## Exercise prompt
Pictures aside, reproduce exactly each line from the one holding "Осенне зимняя Асимметричная" through the last line of the material, both ends included.
-------- Provided records --------
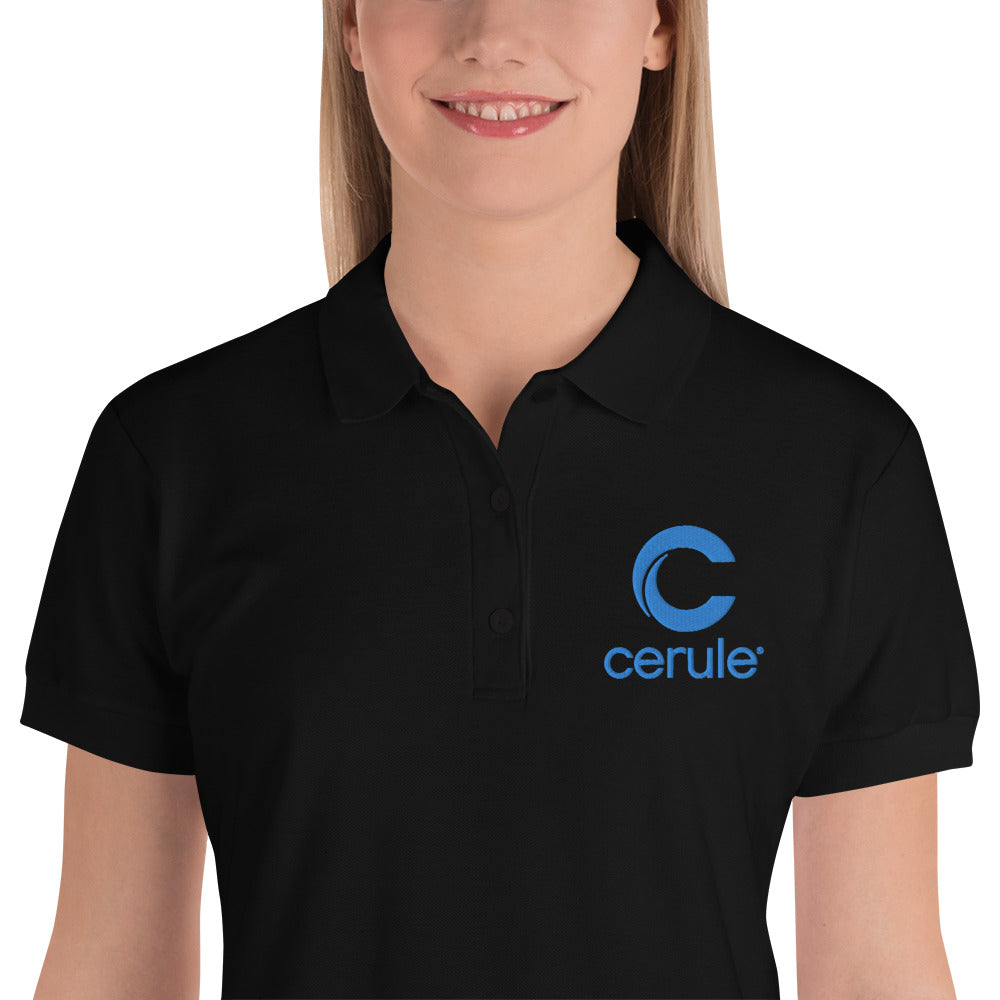 Women's "Cerule Embroidered" Polo - Black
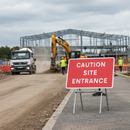 Professional Caution Site Entrance Sign 1050x750mm - Essential Safety Warning for Heavy Vehicle Traffic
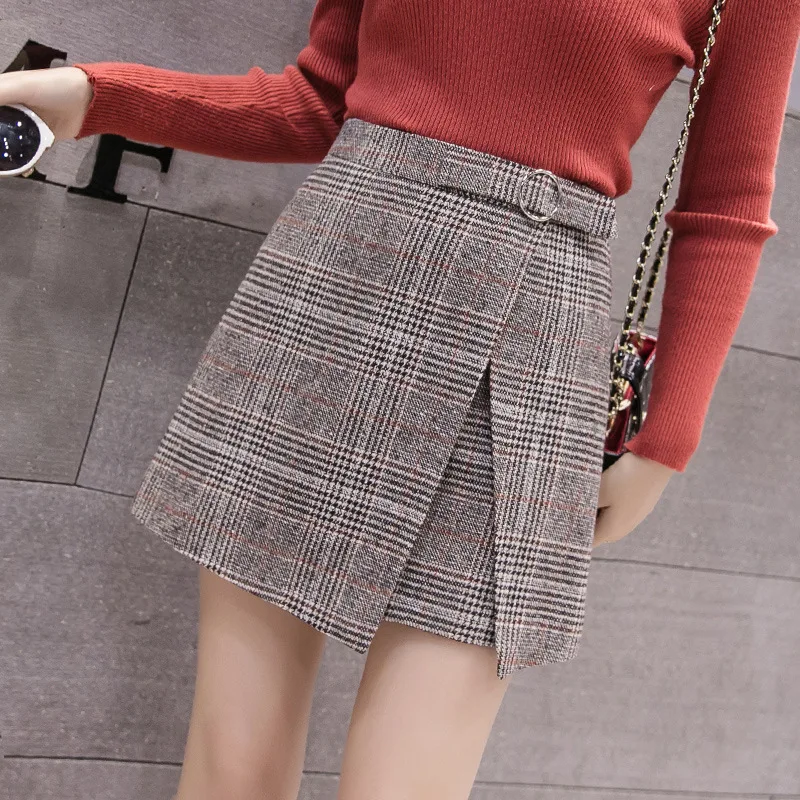 Осенне зимняя Асимметричная Женская юбка 2020 клетчатые женские юбки большого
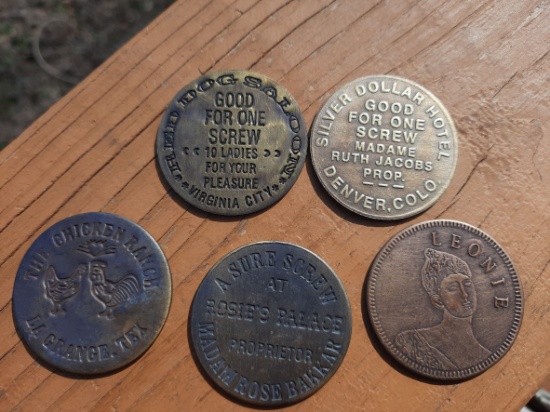 Lot of 5 Brass Brothel Tokens Chicken Ranch TX Red Dog Saloon NV Silver Dollar CO Rosies Palace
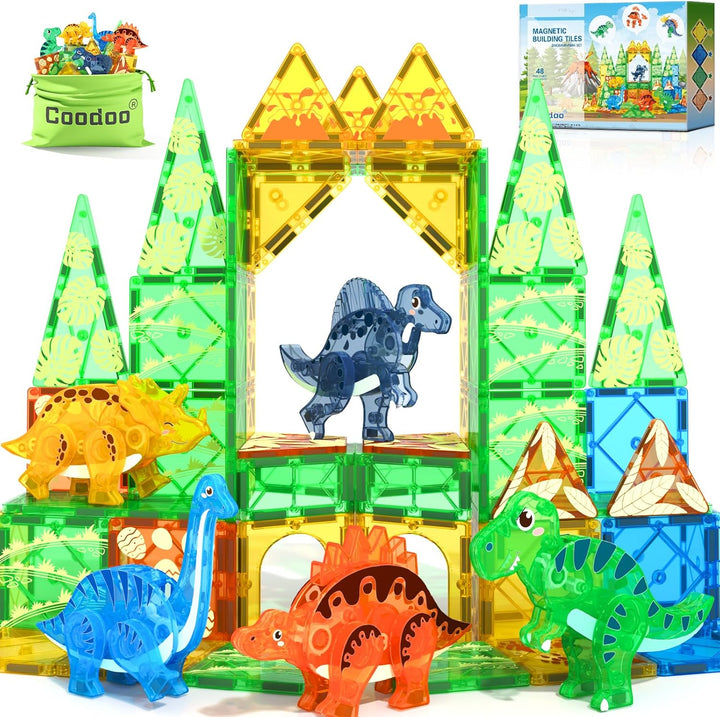 Juguetes de dinosaurio azulejos magnéticos 3D movibles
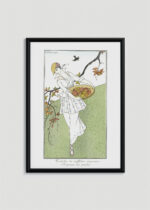 Plakat oprawiony w drewnianą brązową ramkę Vintage Italia: George Barbier Art Deco kobieta z owocami 1914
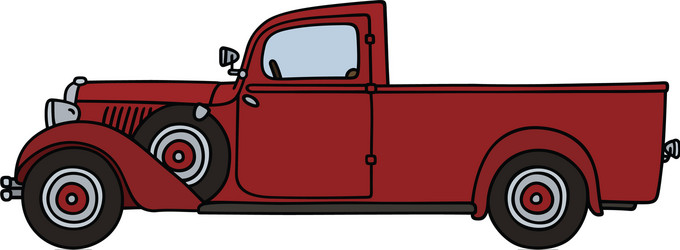 vintage red delivery car vector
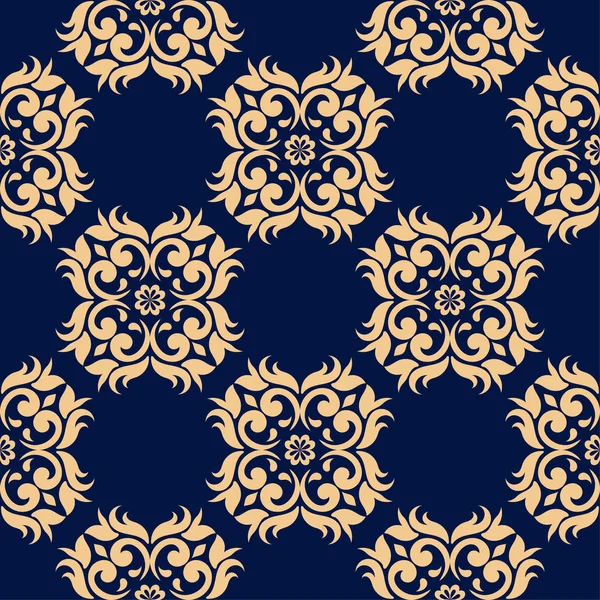Gyllene Blommig Element Mörkblå Bakgrund Seamless Mönster För Textil Och — Stock vektor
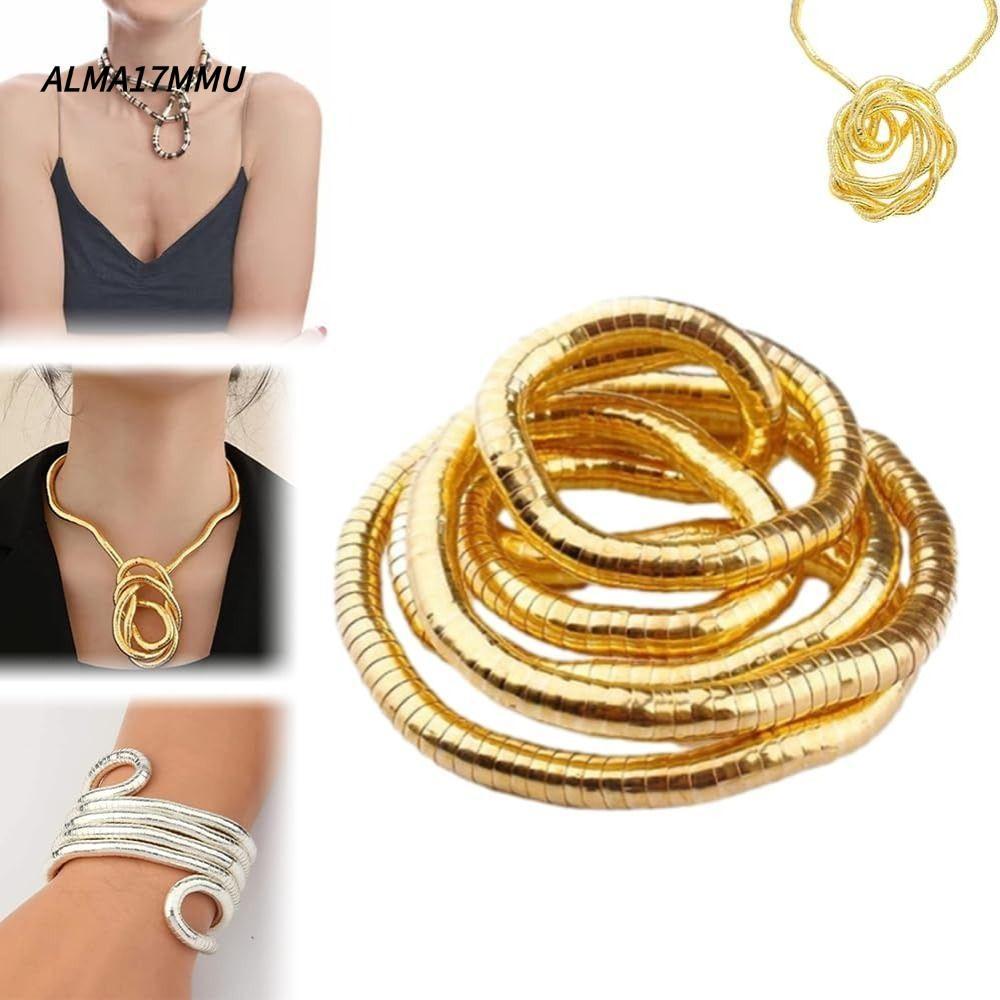 ALMA17MMU ยืดหยุ่น Choker,โลหะผสมสีเงินBurableงูสร้อยคอ,ของขวัญสร้างสรรค์บิดได้สีทองPunkสร้อยข้อมืออ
--------
## Answer box
 Осенне зимняя Асимметричная Женская юбка 2020 клетчатые женские юбки большого
 Lot of 5 Brass Brothel Tokens Chicken Ranch TX Red Dog Saloon NV Silver Dollar CO Rosies Palace
 Juguetes de dinosaurio azulejos magnéticos 3D movibles
 Plakat oprawiony w drewnianą brązową ramkę Vintage Italia: George Barbier Art Deco kobieta z owocami 1914
 vintage red delivery car vector
Gyllene Blommig Element Mörkblå Bakgrund Seamless Mönster För Textil Och — Stock vektor
 ALMA17MMU ยืดหยุ่น Choker,โลหะผสมสีเงินBurableงูสร้อยคอ,ของขวัญสร้างสรรค์บิดได้สีทองPunkสร้อยข้อมืออ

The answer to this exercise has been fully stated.